Work instruction = Return exactly the final stretch of the records below, opening with the line that contains "CHANEL シャネルチェーンショルダー プッシュロック" and closing with the last line.

Stored dataset items =
******
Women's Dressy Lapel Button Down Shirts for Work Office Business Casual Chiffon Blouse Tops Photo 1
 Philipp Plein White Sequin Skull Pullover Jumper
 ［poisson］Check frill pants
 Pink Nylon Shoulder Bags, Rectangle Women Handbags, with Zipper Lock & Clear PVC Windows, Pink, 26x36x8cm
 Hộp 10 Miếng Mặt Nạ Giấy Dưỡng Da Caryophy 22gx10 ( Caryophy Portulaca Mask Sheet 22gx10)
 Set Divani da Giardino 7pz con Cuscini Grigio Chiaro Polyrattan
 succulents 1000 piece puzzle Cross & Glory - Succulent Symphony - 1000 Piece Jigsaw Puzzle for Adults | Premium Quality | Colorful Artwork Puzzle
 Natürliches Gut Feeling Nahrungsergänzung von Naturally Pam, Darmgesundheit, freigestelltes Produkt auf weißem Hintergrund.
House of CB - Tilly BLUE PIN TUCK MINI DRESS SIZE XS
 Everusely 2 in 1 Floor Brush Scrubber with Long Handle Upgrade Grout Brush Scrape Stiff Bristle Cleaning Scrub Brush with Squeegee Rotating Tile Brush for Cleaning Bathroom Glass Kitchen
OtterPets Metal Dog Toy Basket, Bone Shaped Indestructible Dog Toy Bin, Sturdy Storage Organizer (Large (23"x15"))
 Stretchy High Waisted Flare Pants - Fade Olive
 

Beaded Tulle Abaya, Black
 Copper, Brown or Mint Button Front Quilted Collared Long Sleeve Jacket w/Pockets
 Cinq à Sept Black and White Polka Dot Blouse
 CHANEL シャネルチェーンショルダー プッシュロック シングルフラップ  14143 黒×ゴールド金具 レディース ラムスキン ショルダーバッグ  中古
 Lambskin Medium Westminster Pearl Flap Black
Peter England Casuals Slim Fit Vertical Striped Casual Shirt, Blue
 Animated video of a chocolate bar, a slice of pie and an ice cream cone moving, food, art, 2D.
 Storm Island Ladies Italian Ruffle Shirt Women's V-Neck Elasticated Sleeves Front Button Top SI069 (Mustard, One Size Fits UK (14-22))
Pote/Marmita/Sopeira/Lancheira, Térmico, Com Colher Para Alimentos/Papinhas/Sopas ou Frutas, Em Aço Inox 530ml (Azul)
******
Answer box =
 CHANEL シャネルチェーンショルダー プッシュロック シングルフラップ  14143 黒×ゴールド金具 レディース ラムスキン ショルダーバッグ  中古
 Lambskin Medium Westminster Pearl Flap Black
Peter England Casuals Slim Fit Vertical Striped Casual Shirt, Blue
 Animated video of a chocolate bar, a slice of pie and an ice cream cone moving, food, art, 2D.
 Storm Island Ladies Italian Ruffle Shirt Women's V-Neck Elasticated Sleeves Front Button Top SI069 (Mustard, One Size Fits UK (14-22))
Pote/Marmita/Sopeira/Lancheira, Térmico, Com Colher Para Alimentos/Papinhas/Sopas ou Frutas, Em Aço Inox 530ml (Azul)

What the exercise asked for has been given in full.